The 2020 presidential contest has already begun, with several Democratic candidates declaring their intention to challenge Donald Trump for the Oval Office and more on the way. Unlike in 2016, we now know what kinds of chaos America’s adversaries are capable of sowing, especially during campaign season. That means it’s time to contend with the threat of foreign intervention in our elections and in our democracy more broadly—before it’s too late. Many Americans have decried Russia’s attack on the 2016 presidential election and continuing interference since as unlawful and unacceptable. The two of us have participated in efforts to develop strategies to counter this threat, especially as others, such as China, begin to learn from it. In doing so, we have frequently faced a question from skeptics: how these Russian operations, in America and globally, differ from what the United States has done when it has involved itself in foreign elections and democracy promotion abroad. It’s a fair question, but as former senior national security policymakers we’re convinced they are different in key ways. And we’ll explain what those are, in service of a larger objective: to articulate the norms to which all civilized nations should subscribe when it comes to respecting free and fair democratic processes in other countries.

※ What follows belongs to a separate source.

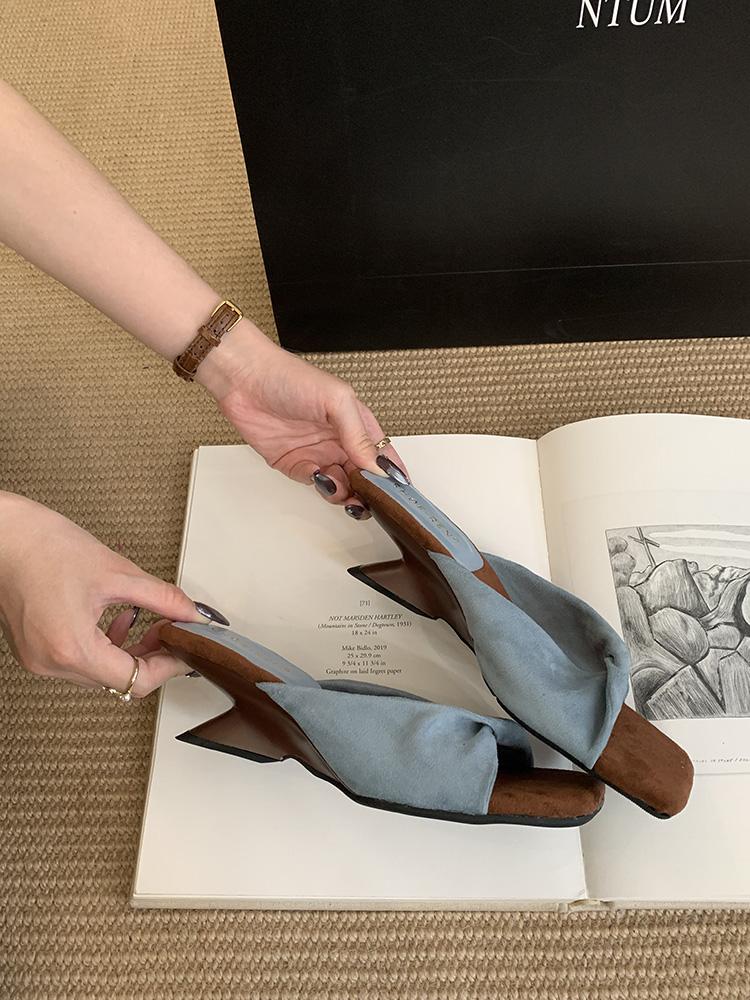 Suede Women's Square Toe Vocation Mules French Style Sandals New Summer Slippers Soft Frosted Open Toe Shoes Zapatos De Mujer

Why do this—what’s the point? Don’t our friends and allies, and our own people, already see the difference? We’re not convinced that all of them do. More important, we believe that systematically defining and then entrenching these norms—at least initially among countries fundamentally committed to democracy itself—would be an important step in sustaining, deepening and expanding the response to each new incarnation of Russia’s and others’ behavior. As Russia matures in its tactics and seeks to make the issue of acceptable and unacceptable forms of intervention grayer and murkier, this exercise will clarify matters for ourselves and our allies—and enlist new friends in the fight—helping us to impose costs for violating these norms and ultimately deter such violations. We further believe it’s worth it for the United States to commit to such norms even if doing so means forswearing involvement in borderline cases going forward.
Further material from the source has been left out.